Retired LV prosecutor Leen dies at age 62
Friday, May 28, 2004 | 11:21 a.m.
Tom Leen, a retired Las Vegas prosecutor who put away some of the region's most high-profile killers in the 1980s, died Wednesday night at his Las Vegas home. He was 62.
No services are planned for Leen, a Las Vegas resident of 34 years. He is the husband of U.S. Magistrate Peggy Leen.
"Tom was a tiger in the courtroom, and he convicted some of our most notorious criminals," District Attorney David Roger said today.
"One case that comes to mind is Richard Haberstroh, who kidnapped a woman and murdered her. The first time Tom got a hung jury, but the second time he won a conviction."
Haberstroh was on death row for raping, strangling and robbing 20-year-old Donna Kitowski in 1986 after kidnapping her from a grocery store parking lot. Last year, he was granted a new sentencing hearing by a 4-3 decision of the state Supreme Court.
"Tom was in my opinion an expert on Fourth Amendment law -- search and seizure of home and vehicle," Roger said. "The search and seizure manual he wrote is still used by our prosecutors today.
"He also had a great admiration for law enforcement and enjoyed teaching at the police academy. Even after his retirement (in 1993), he taught there for a number of years."
Leen may be best remembered by the public for his prosecutions of two cases.
Patrick Lizotte, while a student at Valley High in March 1982, shot and killed his teacher Clarrence Piggott Jr., in what has been described as the deadliest classroom case ever in Clark County. Lizotte wounded two other students before being wounded by a police officer.

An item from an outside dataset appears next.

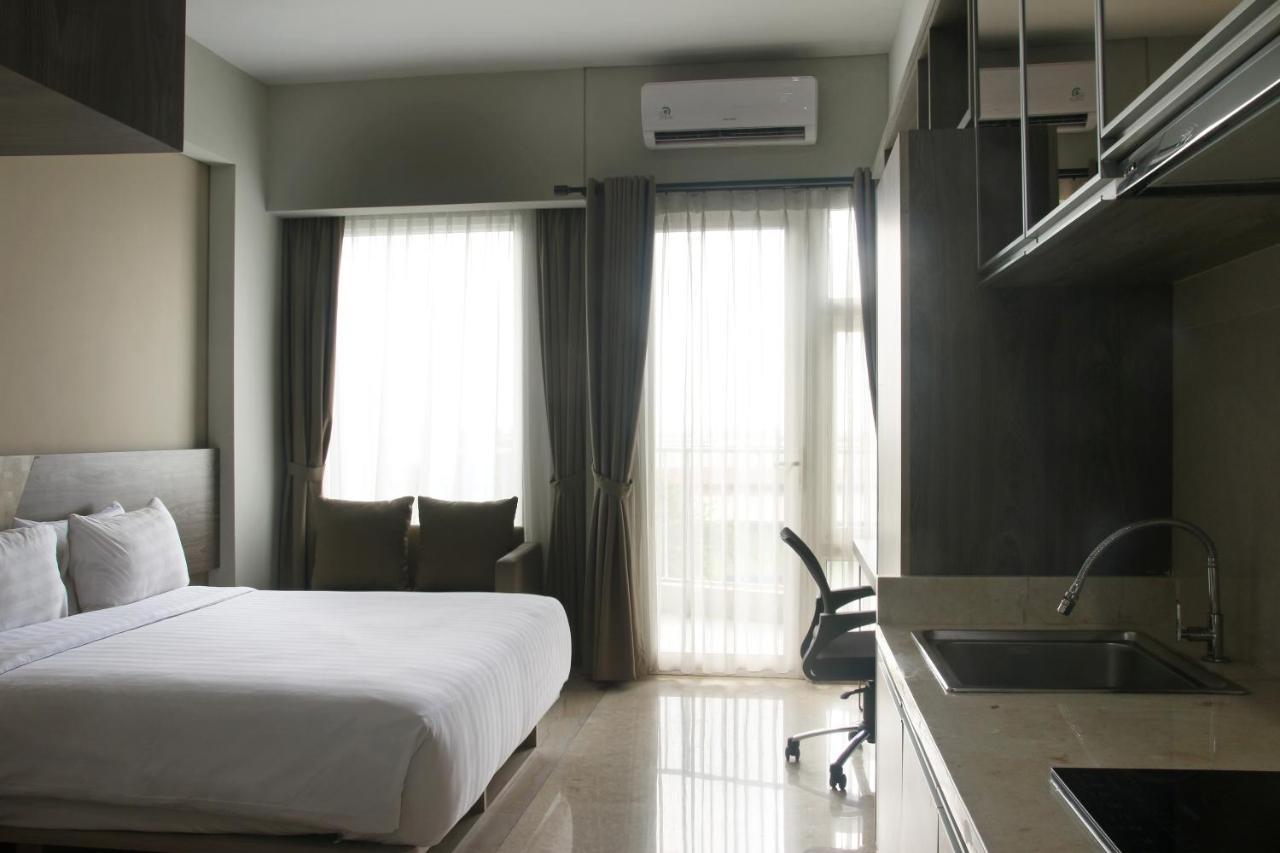 Graha Makara Suite Hotel & Residence Cikarang Luaran gambar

Then there was James Earl Hill was one of two men who broke into the home of 56-year-old wheelchair-bound woman, Altonia Matthews, in March 1983 and killed her by shoving a sharp, pointed stick 13 inches into her groin.

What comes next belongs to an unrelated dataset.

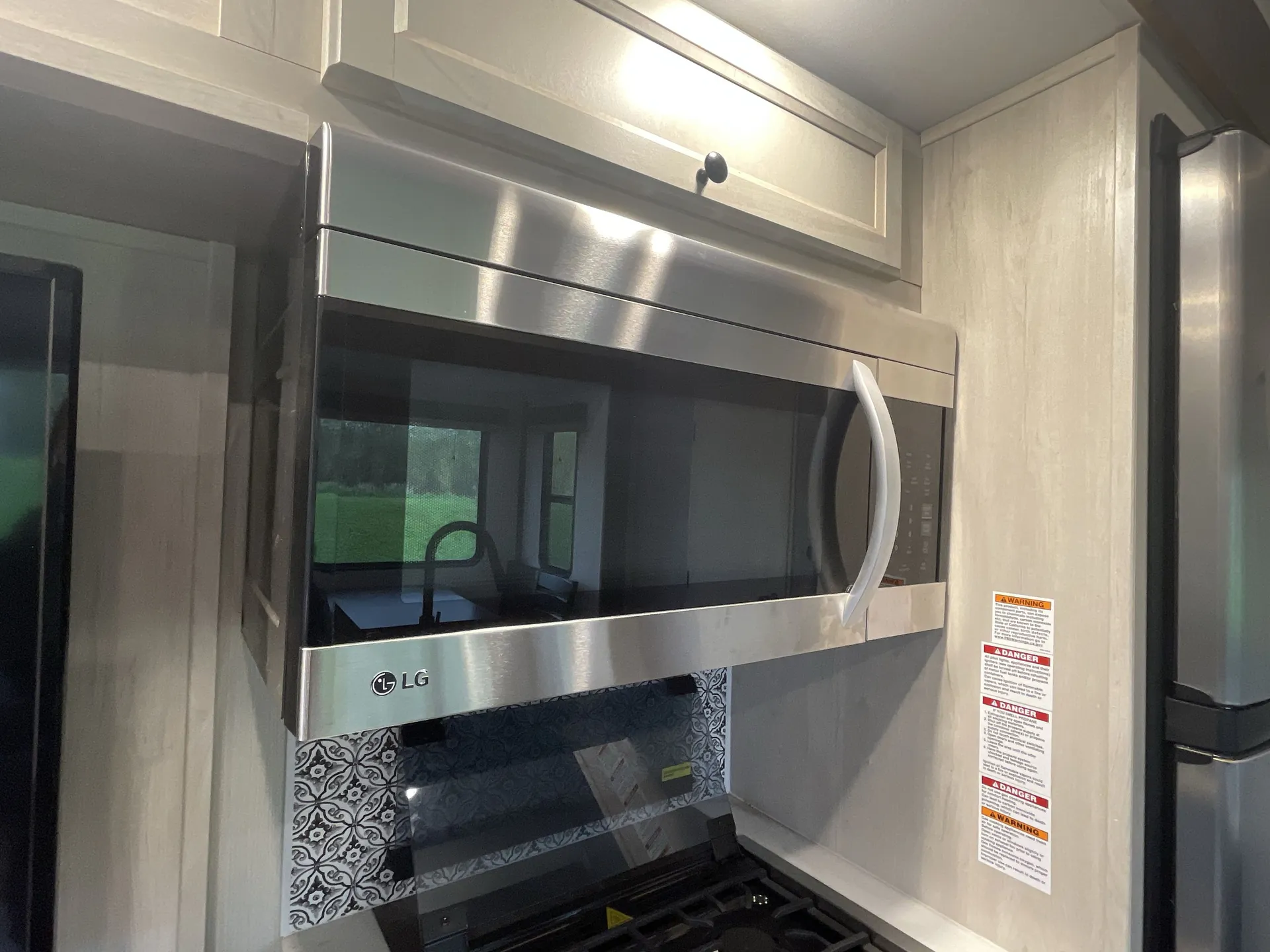 2022 Forest River Cardinal Limited 383BHLE — stove oven open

Leen, then-chief deputy district attorney, gained convictions in both cases.
Lizotte is serving two life sentences. Hill remains on death row. He may never be executed, however, because a three-judge panel sentenced him to death after a jury could not reach a decision during the penalty phase. The U.S. Supreme Court has since ruled that only a jury can impose the death penalty.
During his career, Leen also was a defense attorney, serving as chief deputy public defender before switching to the prosecutor's office in 1982.

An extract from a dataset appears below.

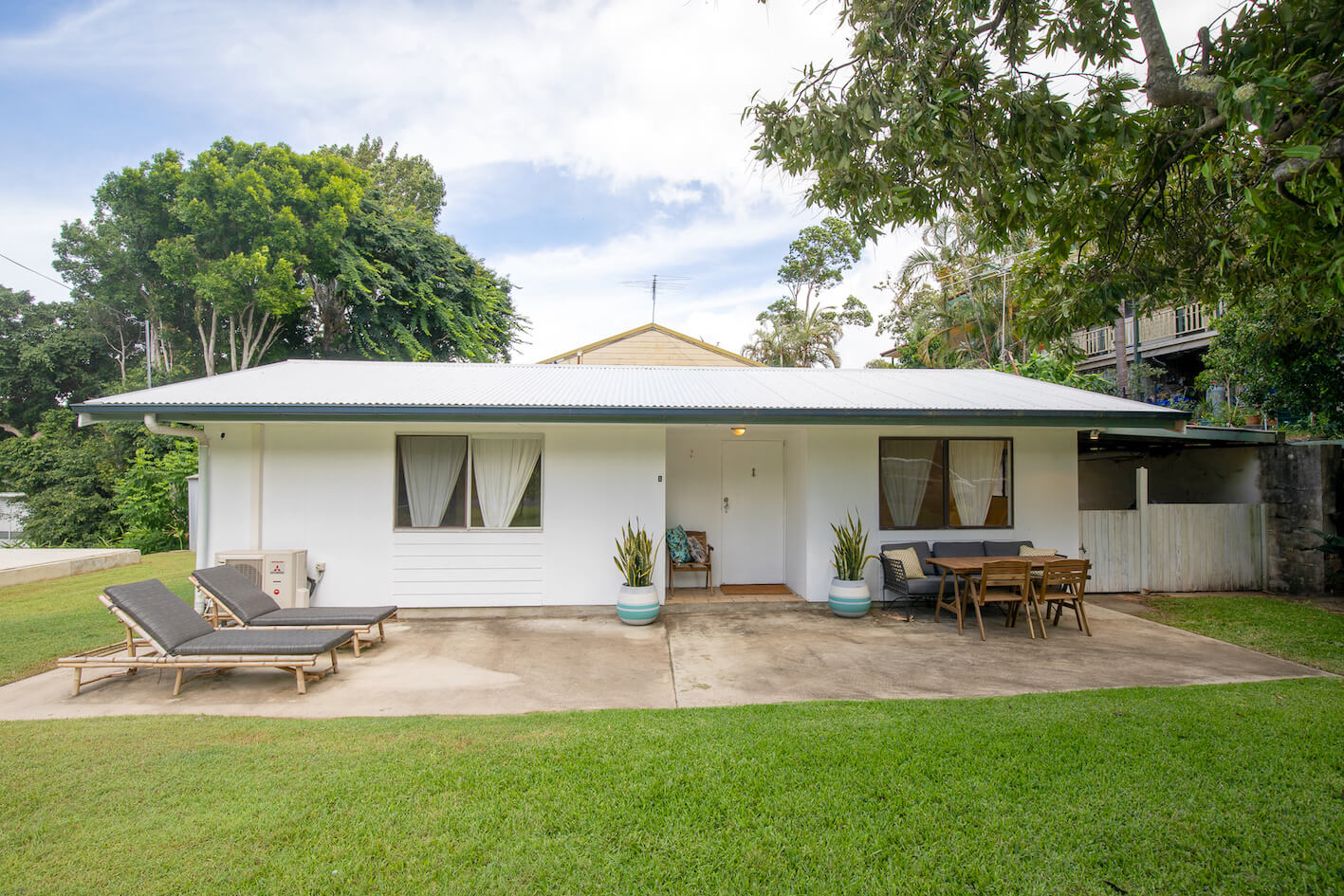Merinda Crescent Front Yard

Leen earned his law degree from Boston College Law School in 1966. After a tour in Vietnam in the Air Force, he came to Las Vegas in 1970 and three years later became executive director of Clark County Legal Services.
Leen twice ran unsuccessfully for District Court judge.
He was a member of the Nevada, California and Massachusets bars and was admitted to practice before the U.S. Supreme Court.
Leen also was a member of the Clark County Bar Association and is a former teacher of constitutional law in the political science department at the University of Nevada, Las Vegas.
A list of survivors was not immediately available.